EXERCISE INSTRUCTIONS: I would like the lines below, from the one with "Nike Air Force" through the one with "AFFICHE 18 NOV 25 V3", copied exactly and without any pictures.
+++ DATA SHOWN
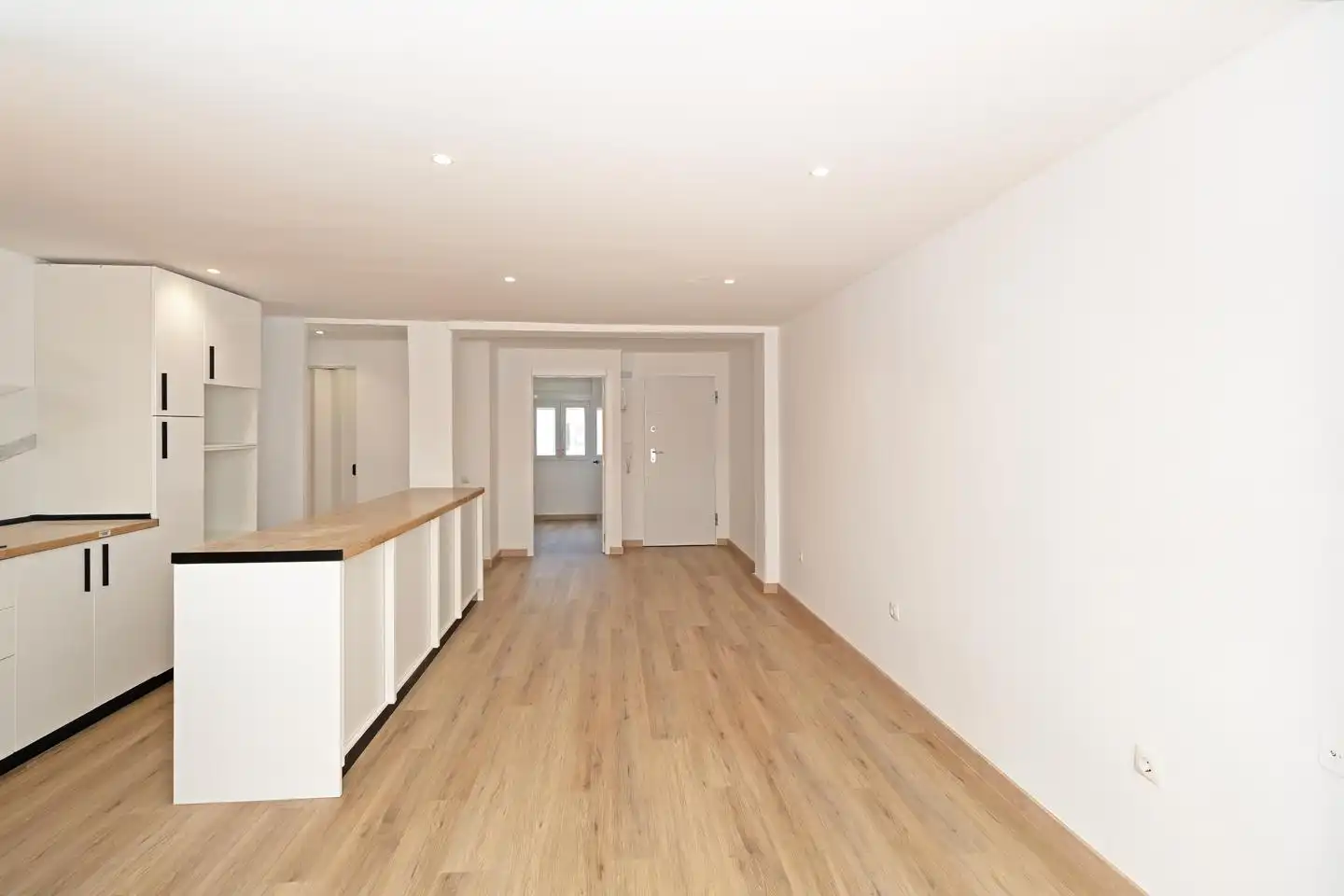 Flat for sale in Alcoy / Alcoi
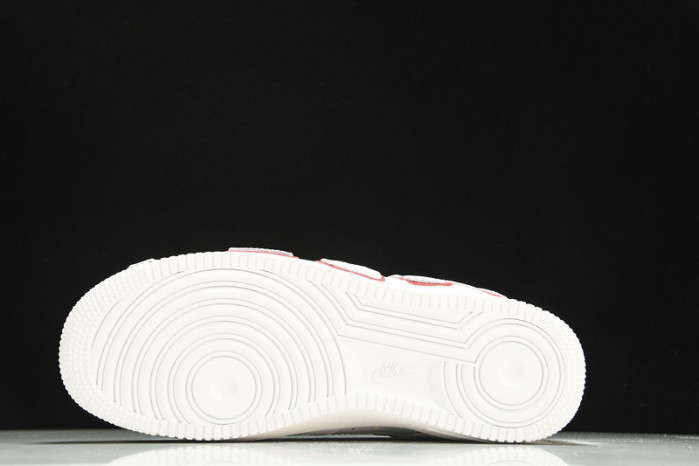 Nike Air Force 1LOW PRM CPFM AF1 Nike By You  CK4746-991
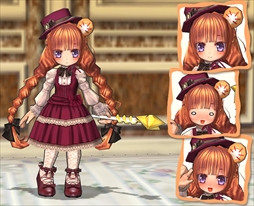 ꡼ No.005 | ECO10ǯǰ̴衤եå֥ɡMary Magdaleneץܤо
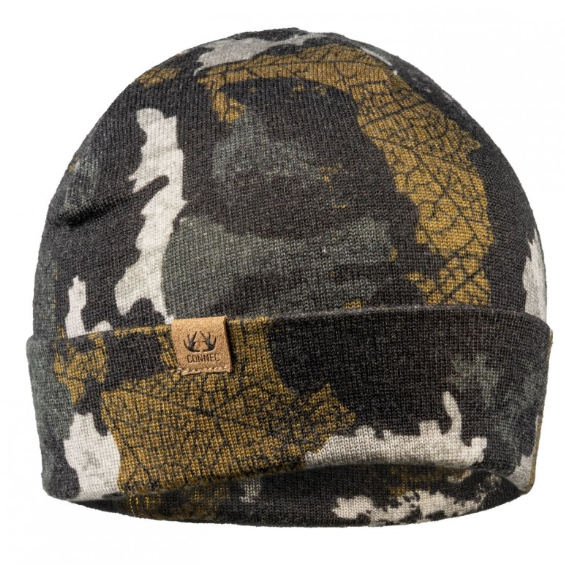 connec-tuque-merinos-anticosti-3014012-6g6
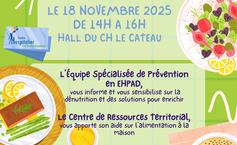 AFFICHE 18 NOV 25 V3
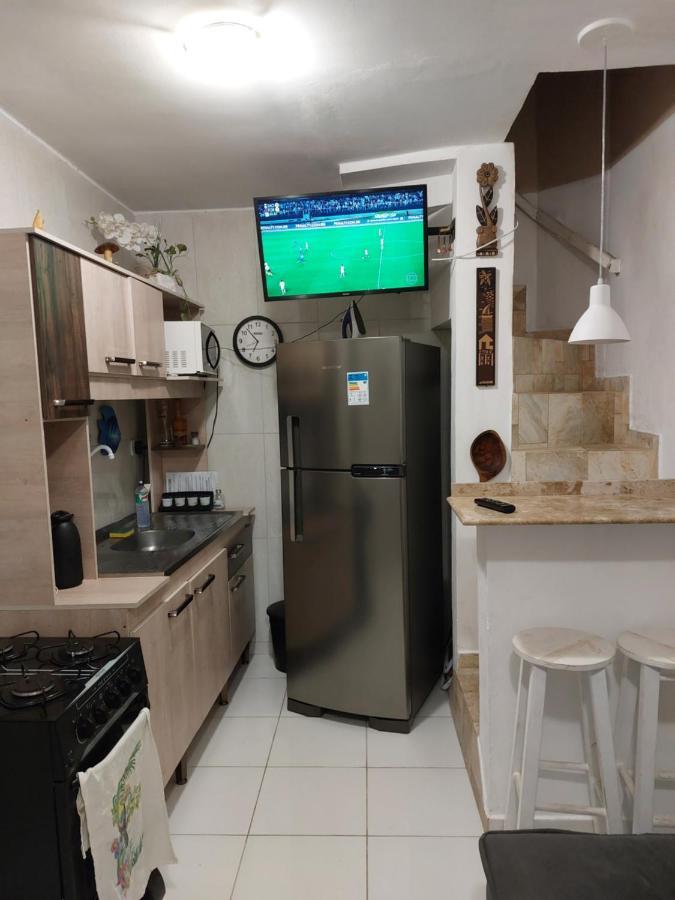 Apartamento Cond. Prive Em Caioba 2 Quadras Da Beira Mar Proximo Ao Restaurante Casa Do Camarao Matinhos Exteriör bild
++++++
+++ DATA SHOWN
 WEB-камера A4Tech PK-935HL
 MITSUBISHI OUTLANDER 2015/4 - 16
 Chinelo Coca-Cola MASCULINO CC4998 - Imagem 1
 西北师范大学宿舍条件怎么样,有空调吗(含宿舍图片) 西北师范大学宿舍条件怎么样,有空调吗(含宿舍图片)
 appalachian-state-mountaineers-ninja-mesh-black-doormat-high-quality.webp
++++++
+++ DATA SHOWN
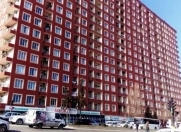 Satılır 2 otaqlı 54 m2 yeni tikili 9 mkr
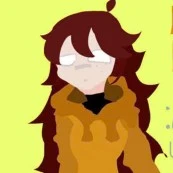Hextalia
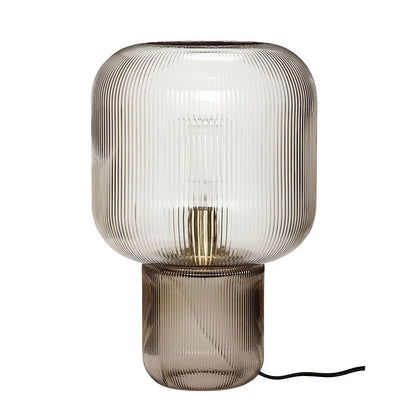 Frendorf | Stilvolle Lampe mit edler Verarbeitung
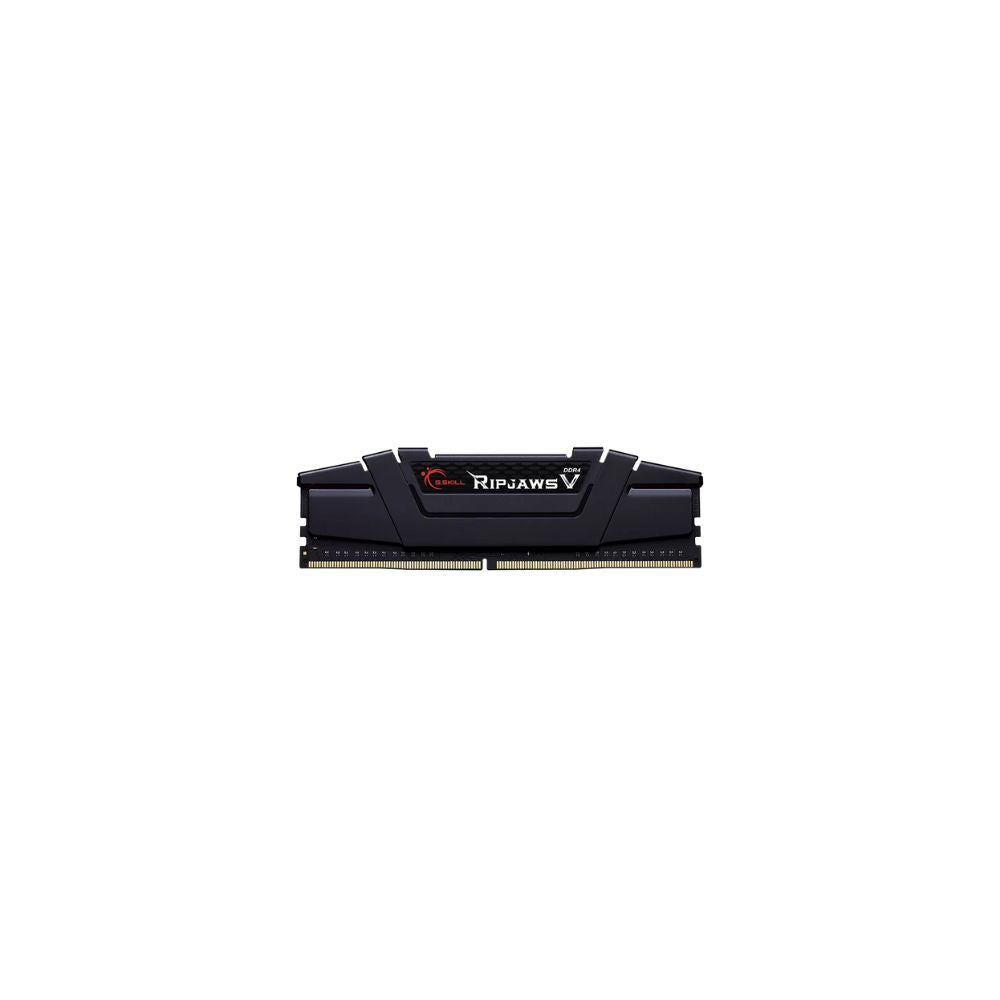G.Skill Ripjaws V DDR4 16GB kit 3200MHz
++++++
THE COMPLETED TASK:
 Nike Air Force 1LOW PRM CPFM AF1 Nike By You  CK4746-991
 ꡼ No.005 | ECO10ǯǰ̴衤եå֥ɡMary Magdaleneץܤо
 connec-tuque-merinos-anticosti-3014012-6g6
 AFFICHE 18 NOV 25 V3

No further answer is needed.